> [DATA SHOWN]:
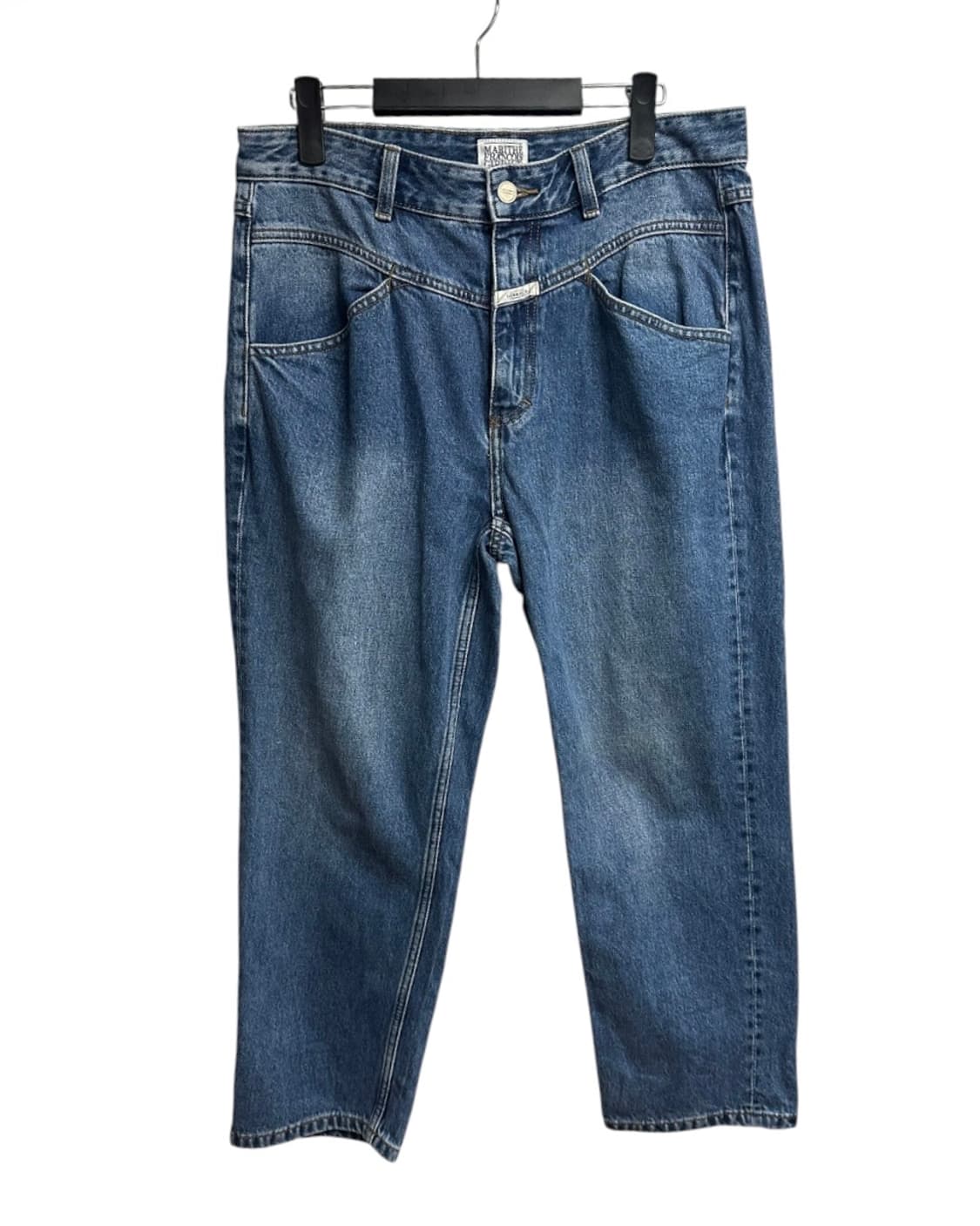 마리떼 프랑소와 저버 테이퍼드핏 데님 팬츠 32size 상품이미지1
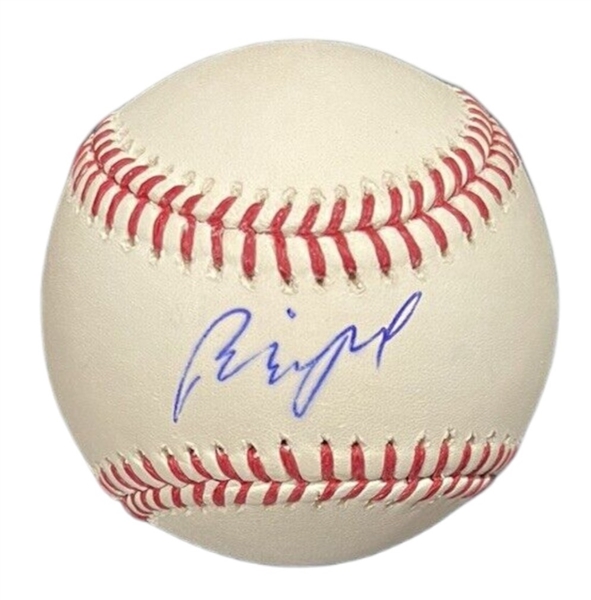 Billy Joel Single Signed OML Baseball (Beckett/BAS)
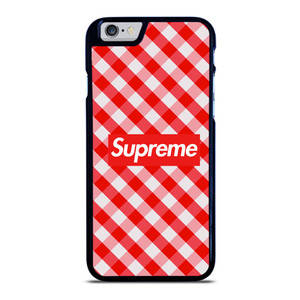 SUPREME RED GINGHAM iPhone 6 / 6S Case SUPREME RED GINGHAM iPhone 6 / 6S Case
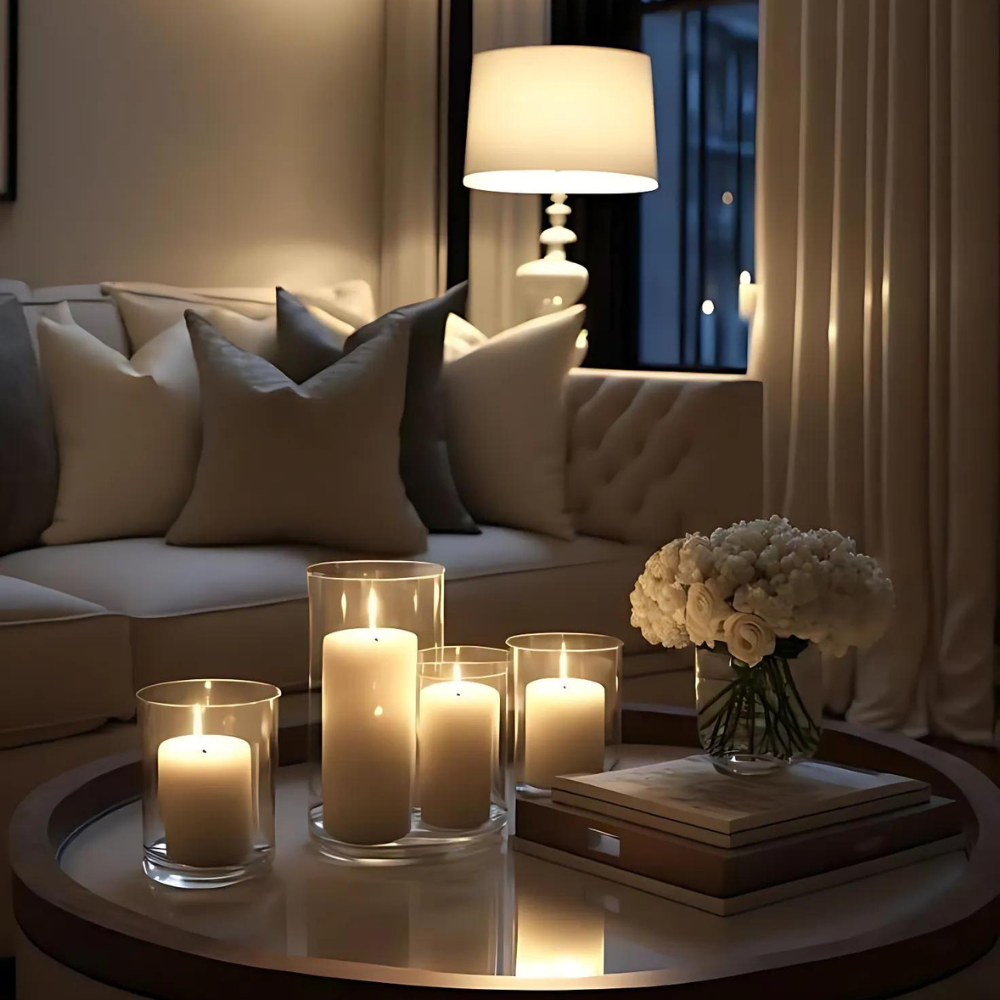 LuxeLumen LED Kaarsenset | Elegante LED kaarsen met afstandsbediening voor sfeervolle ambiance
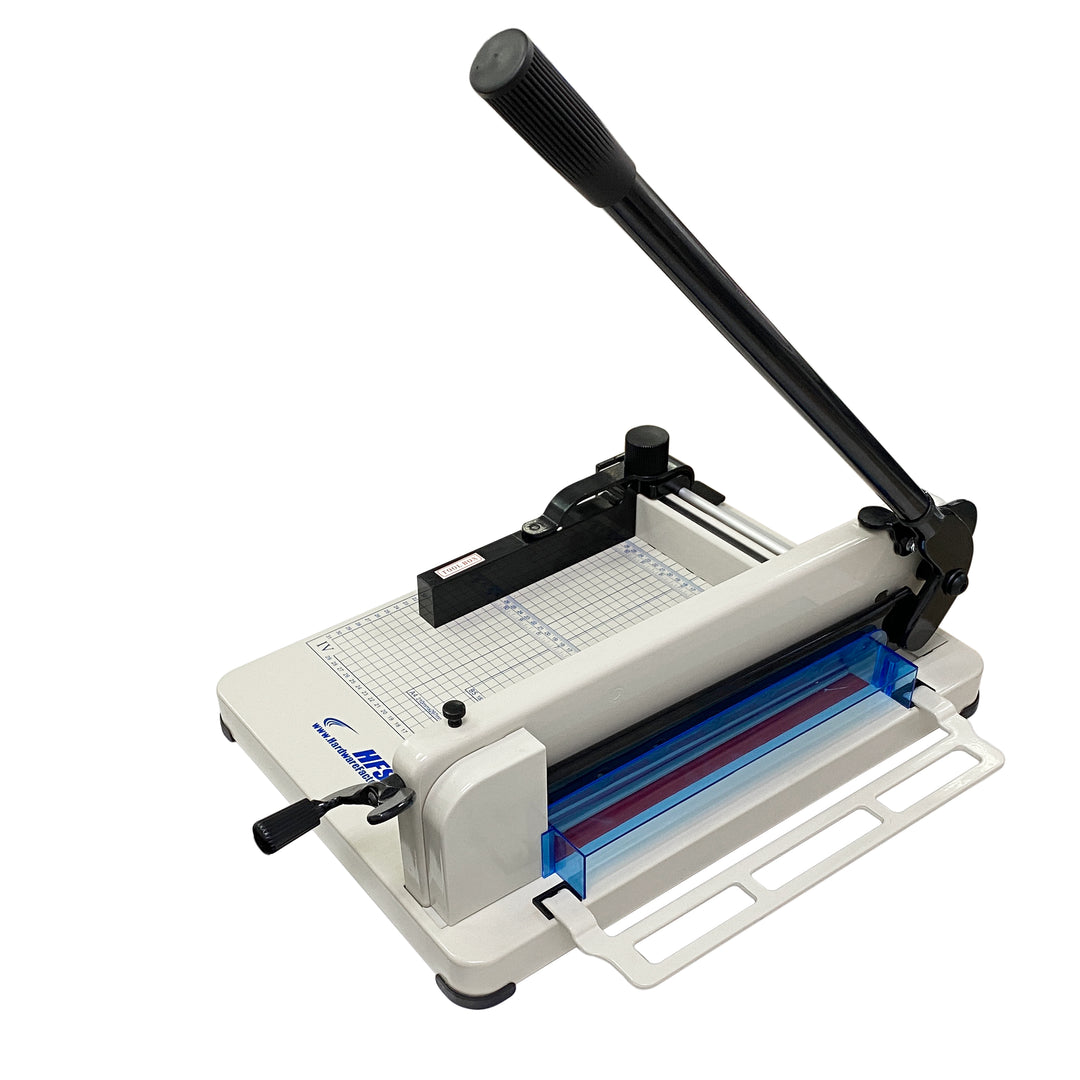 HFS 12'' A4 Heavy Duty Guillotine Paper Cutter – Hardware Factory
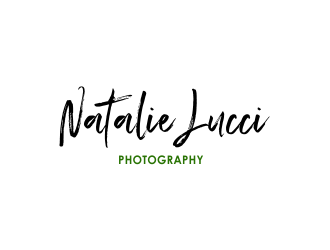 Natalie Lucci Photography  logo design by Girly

...

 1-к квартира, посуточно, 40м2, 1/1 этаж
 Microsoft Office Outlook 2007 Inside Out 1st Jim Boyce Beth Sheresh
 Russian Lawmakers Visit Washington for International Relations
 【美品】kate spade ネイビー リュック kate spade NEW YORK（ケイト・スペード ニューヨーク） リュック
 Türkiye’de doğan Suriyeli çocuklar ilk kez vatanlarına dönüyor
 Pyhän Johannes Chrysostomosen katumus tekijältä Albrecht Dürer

> [WHAT YOU NEED TO DO]:
Above are records with pictures. Reproduce exactly only the lines from the line with "SUPREME RED GINGHAM iPhone 6 / 6S Case SUPREME" through the line with "Natalie Lucci Photography", both ends included, and leave the pictures out.

> [WRITTEN SOLUTION]:
 SUPREME RED GINGHAM iPhone 6 / 6S Case SUPREME RED GINGHAM iPhone 6 / 6S Case
 LuxeLumen LED Kaarsenset | Elegante LED kaarsen met afstandsbediening voor sfeervolle ambiance
 HFS 12'' A4 Heavy Duty Guillotine Paper Cutter – Hardware Factory
 Natalie Lucci Photography  logo design by Girly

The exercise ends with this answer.